I heard another remarkable claim, this time on the radio: that Fury's comeback from his problems with depression, drug use and weight gain (he ballooned to over 28 stones) was "the greatest comeback in the history of sport". Many thought that came last year when Tiger Woods won his 15th major at Augusta at the age of 43 and after an 11 year hiatus during which he had his own serious mental health, private life and injury problems. Personally I'd say the Woods achievement was more surprising and difficult, particularly given the number and strength of the competition in a golf major.

But I'd stand by what I said last April*: neither of them are the greatest comeback in the history of sport. Based on what I've read I gave that to Ben Hogan, who survived a head on crash with a Greyhound bus resulting in a double-fracture of the pelvis, a fractured collar bone, a left ankle fracture, a chipped rib, and near-fatal blood clots. His doctors said he might never walk again, let alone play golf competitively. Despite lifelong circulation problems and other physical limitations which meant Hogan subsequently struggled towards the end of an 18 hole round, he won the US Open within 7 months of returning to golf and went on to record one of the greatest seasons in the history of professional golf in 1953, winning 5 of the 6 tournaments he entered, including 3 majors.

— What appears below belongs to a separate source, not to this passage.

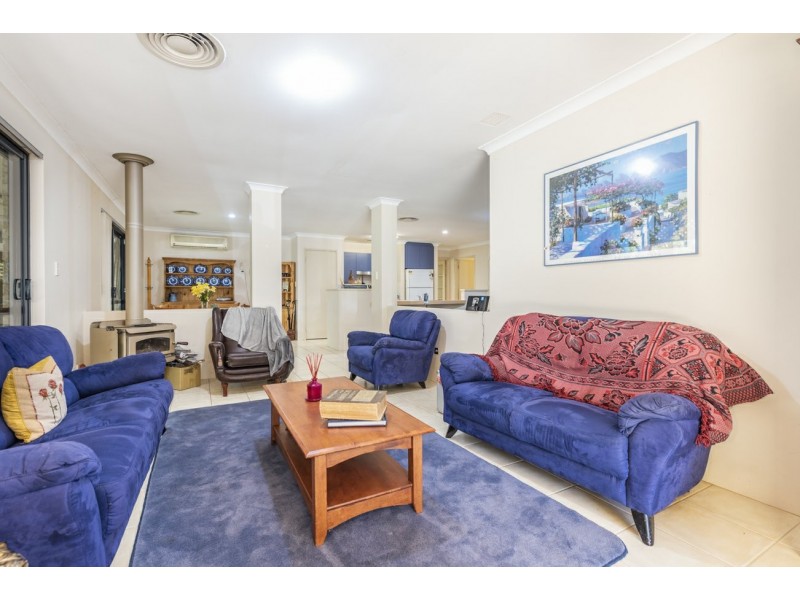 126 Blair Road, Oakford WA 6121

Woods's comeback was undoubtedly remarkable but benefited from the skill of modern surgeons in repairing his back and knee injuries. Yes, he achieved some of the big victories in his career playing in pain, but Hogan won 6 of his 9 majors playing in pain. You get a sense of that achievement from the fact that Hogan only won 11 tournaments after his accident, compared with 53 before it.

So, of the two striking claims about Fury, my view is that Samuel's just might turn out to be right but I don't buy that his defeat of Wilder was the greatest comeback in the history of sport.

P.S.  Maybe post-accident Hogan is Brooks Koepka's role model: Koepka has a total of 7 PGA Tour wins in 5 seasons on the tour but 4 of them were majors and another a World Golf Championship event. Which makes me think - Fury was great and the rugby is entertaining but for me these are brief highs compared with the fascination of the golf season. Roll on the Masters!